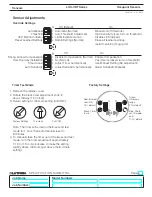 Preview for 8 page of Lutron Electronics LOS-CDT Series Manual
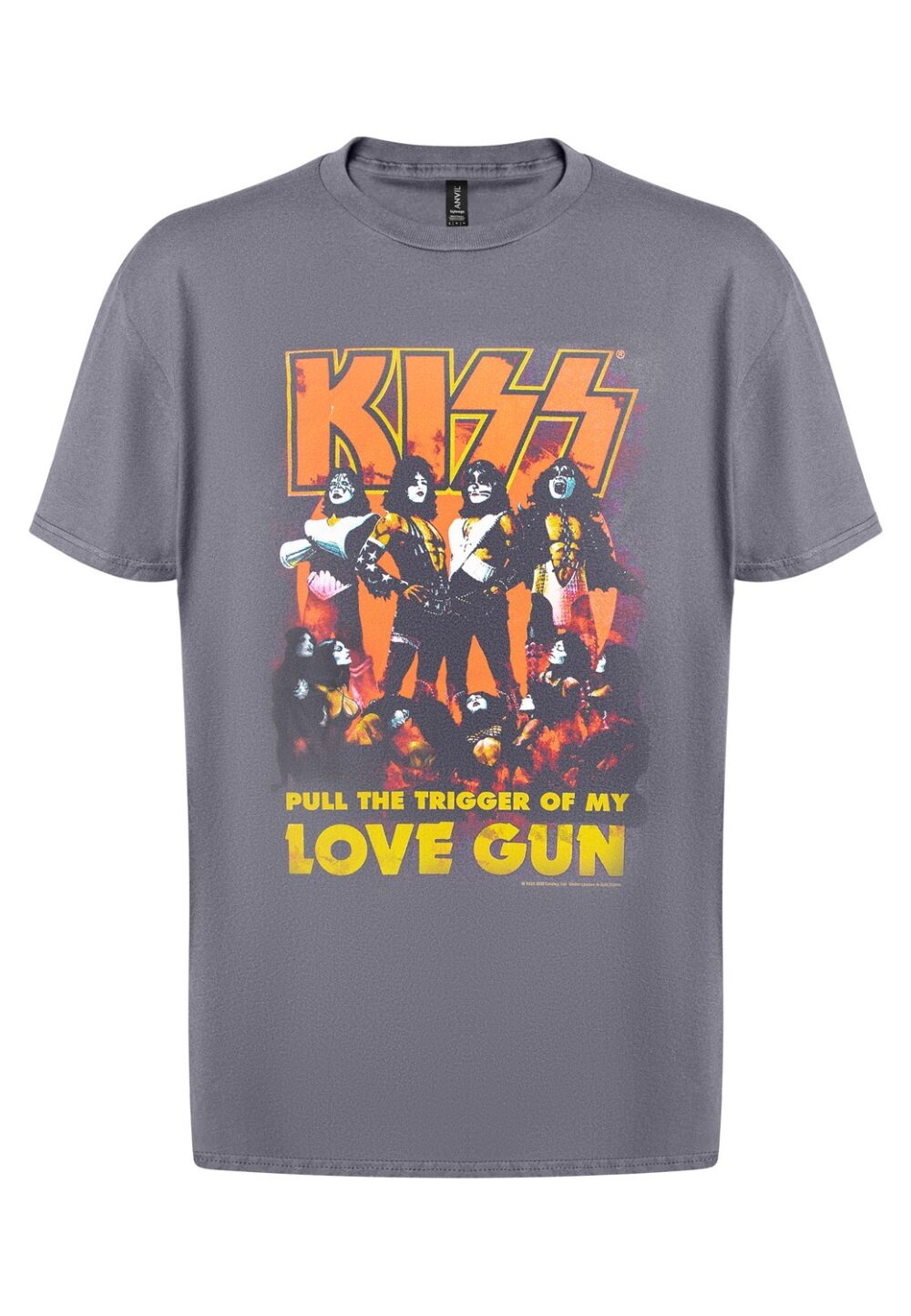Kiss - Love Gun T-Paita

+++++

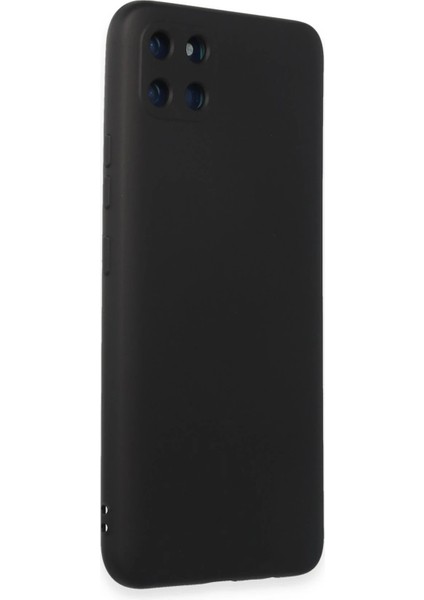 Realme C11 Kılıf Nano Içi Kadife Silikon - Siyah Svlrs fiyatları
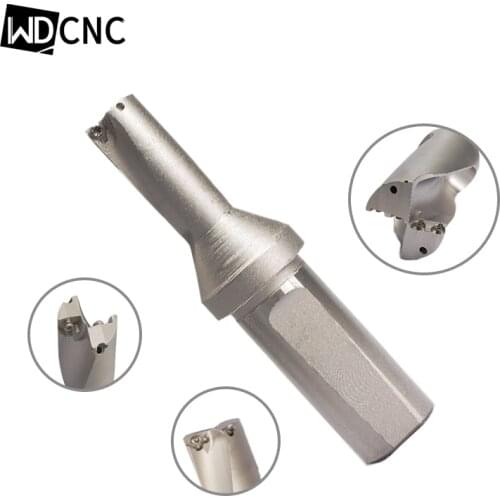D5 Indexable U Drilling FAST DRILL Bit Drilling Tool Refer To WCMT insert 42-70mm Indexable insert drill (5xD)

+++++

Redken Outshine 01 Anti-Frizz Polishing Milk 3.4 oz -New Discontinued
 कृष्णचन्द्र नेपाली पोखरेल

+++++

Within the listing above, the stretch from the line with "Preview for 8" down to the line with "Kiss - Love Gun T-Paita" is to be given again exactly, end lines included and pictures excluded.

• TASK RESULT
 Preview for 8 page of Lutron Electronics LOS-CDT Series Manual
Kiss - Love Gun T-Paita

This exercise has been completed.